See diagrams of three example options below



There are a myriad of other strategies e.g. Bill communicates with clients (and Bob is a client); or Bob's brain interprets the sounds and hears the words and emotional content, etc. Then there are the issues associated with the semantic content of the message e.g. do we want to record that Bill is communicating about Products, Pricing or whatever

Well it really depends on what we are trying to understand – if we want to understand communications flows in a organistion, or if we are designing a phone etc. It make be useful for different purposes and audiences to record this at many levels and to be able to relate these different views together.

Unsurprisingly the same is true when one considers who to record communications between applications. The way you record them varies based on the purpose. They may be recorded in multiple ways and it is very handy to be able have a way of see how all the different levels are related. But searching in vain for a single way of recording interfaces that will serve all audiences and all purposes is unlikely to be productive.



Thursday, November 25, 2010

Traditional processes and EVP no good for EA

Even Microsoft is now saying "Traditional enterprise architecture processes do not work" (said by Gabriel Morgan, principal enterprise architect of Microsoft 10 days ago). He also said other things we have said for a long time e.g.
- "We have to prove IT’s value to deliver that market position"
- "We cannot develop a sustainable target architecture if we don’t know where we are"

So perhaps EAs will one day listen and stop doing what they have done i.e. using Excel, Visio and Powerpoint to try and do EA and look at what is actually required.

Dealing with complexity

I think this presentation indicates how useful visualisation are in dealing with complexity.

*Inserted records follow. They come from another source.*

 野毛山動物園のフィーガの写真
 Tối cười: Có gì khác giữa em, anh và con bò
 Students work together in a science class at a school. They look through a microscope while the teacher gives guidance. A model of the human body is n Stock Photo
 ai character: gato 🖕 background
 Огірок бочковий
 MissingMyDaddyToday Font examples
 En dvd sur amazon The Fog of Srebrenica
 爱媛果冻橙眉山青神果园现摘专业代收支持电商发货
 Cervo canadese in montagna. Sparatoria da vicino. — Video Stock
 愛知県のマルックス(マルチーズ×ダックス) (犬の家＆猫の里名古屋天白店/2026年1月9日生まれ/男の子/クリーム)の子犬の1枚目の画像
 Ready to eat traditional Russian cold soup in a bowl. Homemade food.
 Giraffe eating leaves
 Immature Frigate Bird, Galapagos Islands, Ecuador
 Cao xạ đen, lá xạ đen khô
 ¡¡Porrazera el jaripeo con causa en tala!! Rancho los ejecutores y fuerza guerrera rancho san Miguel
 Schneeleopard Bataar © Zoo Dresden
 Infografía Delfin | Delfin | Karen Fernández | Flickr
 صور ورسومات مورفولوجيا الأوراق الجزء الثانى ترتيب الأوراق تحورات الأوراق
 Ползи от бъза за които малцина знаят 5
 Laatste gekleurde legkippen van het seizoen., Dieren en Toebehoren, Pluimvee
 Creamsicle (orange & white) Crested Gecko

It mentions that it is important to set back and embrace complexity, and then look at issues in context.

It also demonstrates how dynamic visualisations can be powerful in analysis where one can selectively hide, decompose etc. the views. And to my mind why static crafted hardcopy reports will often struggle to allow us to examine new issues that arise, and what-if analysis i.e. it is the ability to interactively explore the data from many perspectives that is critical to the insights.

It is only by understanding how to deal with complexity effectively and good using solutions and tools to deal with it are we going to get any better at making strategic transformation or optimisations of the increasingly complex systems that are large enterprises.